Participatie van allochtone vrouwen
De arbeidsmarktparticipatie van allochtone vrouwen trekt zowel maatschappelijke als wetenschappelijke aandacht. In de maatschappelijke discussie staan de integratie en emancipatie van de vrouwen centraal. De wetenschap ziet het gedrag van vrouwen die migreren als een mogelijkheid om de overdraagbaarheid van cultuur te onderzoeken. De vraag is hoe vrouwen uit verschillende herkomstlanden, met verschillende gewoontes ten aanzien van participatie, zich gedragen als zij in hetzelfde land gaan wonen.
De participatie van allochtone vrouwen in Nederland verschilt aanzienlijk per herkomstland. Vrouwen uit Suriname, de Antillen en Indonesië participeren relatief vaak op de arbeidsmarkt, terwijl vrouwen uit Turkije en Marokko juist minder vaak participeren dan autochtone vrouwen. Deze verschillen representeren deels verschillen in participatie tussen de herkomstlanden. In landen als Turkije en Marokko is de participatie van vrouwen laag.

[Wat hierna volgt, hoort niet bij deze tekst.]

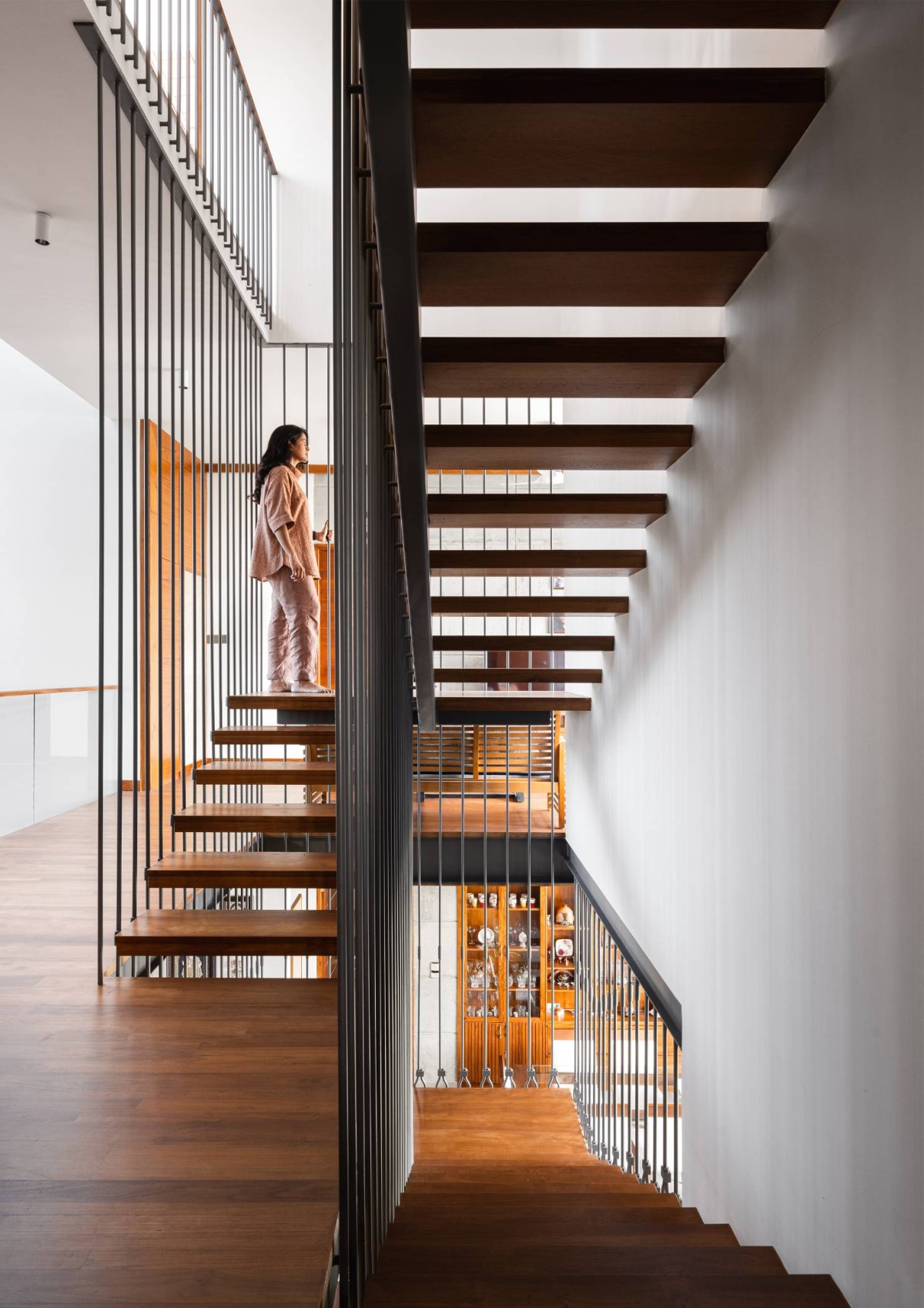 Staircase of Carving a COURT OF QUIETUDE in a Bustling Cityscape by Mudbricks Architects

Een simpele vergelijking tussen landen geeft echter geen volledige verklaring, de participatie van vrouwen in bijvoorbeeld Suriname is namelijk niet bijzonder hoog (zie figuur 1).
Figuur 1: participatie vrouwen leeftijd 15-64 in Nederland en in herkomstland, 2006
Participatie in het herkomstland
De participatie van vrouwen op de arbeidsmarkt wordt beïnvloed door vele factoren. Zo spelen gezinssamenstelling en opleiding een belangrijke rol. De relatie tussen participatie in Nederland en het herkomstland kan dus worden beïnvloed door dergelijke factoren. Het is te verwachten dat de opleidingsniveaus verschillen tussen groepen allochtone vrouwen, en dat heeft een effect op hun participatie in Nederland. Het effect van participatiegedrag in het land van herkomst wordt gemeten aan de hand van de participatiegraden van vrouwen in deze landen. Dit is de epidemiologische benadering (Fernandez, 2010), waarbij de participatie in het land van herkomst als een maat voor cultuur wordt beschouwd. Uiteraard wordt de invloed van de participatie in het herkomstland gemeten nadat er gecorrigeerd is voor individuele karakteristieken zoals gezinssamenstelling en opleiding.

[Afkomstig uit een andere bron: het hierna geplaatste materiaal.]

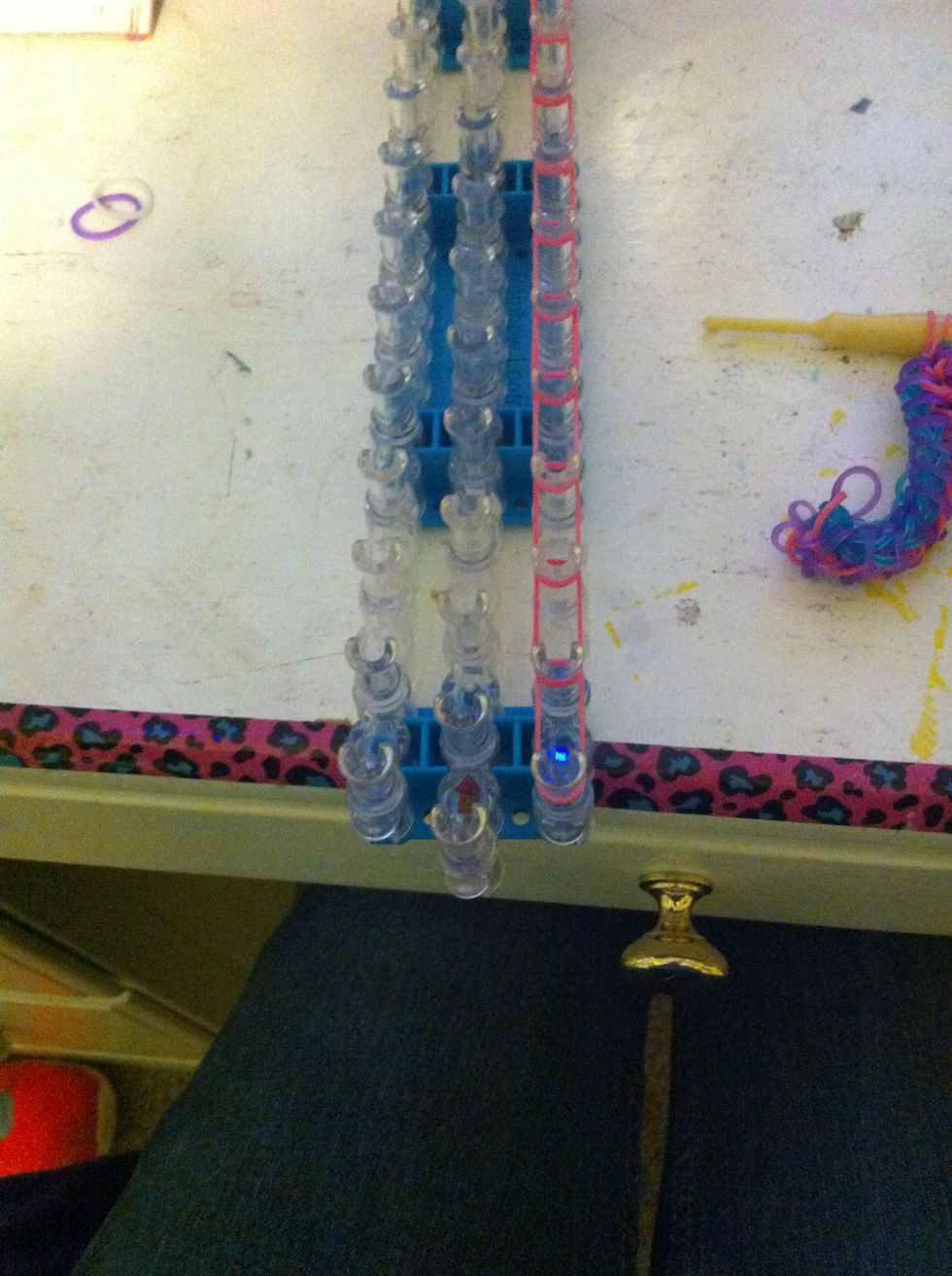 Place a row of pink bands on one side I the loom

Onderzoek voor Nederland laat zien dat de participatie van allochtone vrouwen in Nederland samenhangt met de gemiddelde participatie van vrouwen in het land van herkomst (Kok et al., 2011). Een 10%-punt hogere participatiegraad van vrouwen in het herkomstland komt overeen met een 3%-punt hogere participatie in Nederland van de eerste generatie allochtonen. Voor de tweede generatie vinden we geen statisch significant positief effect. De uitkomsten zijn gecorrigeerd voor individuele kenmerken zoals gezinssamenstelling en opleiding.
Voortrekkersrol Nederlandse vrouw
De maatschappelijke en wetenschappelijke discussie richt zich vooral op de invloed vanuit participatiegedrag in het herkomstland. Maar hoe verhoudt zich de invloed van de participatie in het herkomstland tot die van het gastland, in dit geval Nederland? Nederlandse vrouwen tonen een opmerkelijke ontwikkeling in de participatie over opeenvolgende geboortecohorten. De participatie stijgt sterk tot de geboortecohort van begin jaren vijftig, en daarna vlakt de toename volledig af (Euwals et al., 2011). Dit patroon is internationaal gezien uniek: in de meeste omringende landen is de participatie veel eerder gestegen, terwijl in minder ontwikkelde landen de participatie (nog) nauwelijks is gestegen. We gebruiken het patroon over de geboortecohorten van autochtone vrouwen om het effect van de participatietrend van het gastland te meten.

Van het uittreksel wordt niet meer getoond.